Back in the old(er) days, DSP units for live production were great and had a purpose - they replaced the crossovers/EQ/etc at FOH with a single black box.  That box helped save rack space, more precise, and could save/recall settings. 

Today though - mid/high end live production - DSP is built into the amps (d&b, L'Acoustics, TW Audio, Danley, and many more), and the amps/processing/speakers are a single package. 
Some amps have processing and are used with non-locked-down speakers (Powersoft, Lab.Gruppen, etc).
In the install world, DSP is incredibly powerful as it encompasses auto mixing, external control (tablets, iPads, etc), control over external gear (projectors/screens, video conference, system sequencing, cameras, etc).
At the low end of the price spectrum - "good enough" speaker processing is built into the speakers - and Meyer. 
At mid level self-powered speakers, such as Martin CDD, EAW Radius, others - the processing can be accessed over the network via computer.

It seems like the application for a stand-alone DSP is shrinking rapidly.  Remember all the XTA, Dolby Lake, and that level DSP's?  How many are still out there?  Is the market for stand-alone DSP's essentially gone?  Does it make sense to invest in, say, XTA or Lake LM anymore?  Or does it only make sense to think of speakers/amps/processing as a cohesive unit, and only if part that unit is lacking - do we try to fill in the gap? 

How many speaker manufacturers today even sell speakers without amps and processing, other than the lowest price points?  Fulcrum?   

I would strongly suggest that if you get a chance listen to a demo of Fulcrum Acoustic speakers. 

I was involved in 2019 with an install in a church that seats about 2000 of 21 Fulcrum Acoustics FA CCX 1295 speakers. The ceiling wasn’t high enough to do it any other way then a distributed layout. We used 3 4-channel power amps with all of the DSP built in. The room is wider then it is deep so the speakers are mirrored from one side to the other. Fulcrum supplied the speaker settings to load into the amps and I used the additional DSP capability in the amps to handle the delay and the routing and also the extremely minor EQ tweak for the room. The client really likes the new speaker system the way it is all setup. I didn’t specifically lock them out of the amps but they wouldn’t know how to get into them to mess with things that they shouldn’t.
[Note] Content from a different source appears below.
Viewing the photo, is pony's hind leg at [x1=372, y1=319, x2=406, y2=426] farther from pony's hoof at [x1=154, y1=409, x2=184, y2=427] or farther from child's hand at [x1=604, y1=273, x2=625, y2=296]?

The subs are a different brand with built in power amps. That part of the install I didn’t spec, they are under the stage and at the moment I have an output EQ on the mixer (Avid SC48) doing a little bit of out of band EQ. I said at the moment because I am going to be using DSPs that the church used to use on their old system to do a few things to the subs so someone can’t accidently change something in the SC48 and mess up these settings. This is one of the minor things that still needs to get done to finish this install. When you are trying to do a major sound system upgrade without interrupting their ability to still have the Sunday service in the room you sometimes have to do things to just make it work and deal with the finer things after the dust settles.

We also upgraded there IEM system (to eliminate the need for wedges) and now the only monitors in regular use are a couple of 8” coax monitors for speech monitoring on stage. Anyone speaking gets a little bit of themselves back in those monitors. These are EQed and limited with one of their existing DSPs so again they don’t mess with it. There existing RH bi-amped monitors (external power amps) are still able to be pulled out of a closet and used if they need to for special events. And they are processed by another external DPS.

Now how I deal with concert and theatrical work is another whole different subject.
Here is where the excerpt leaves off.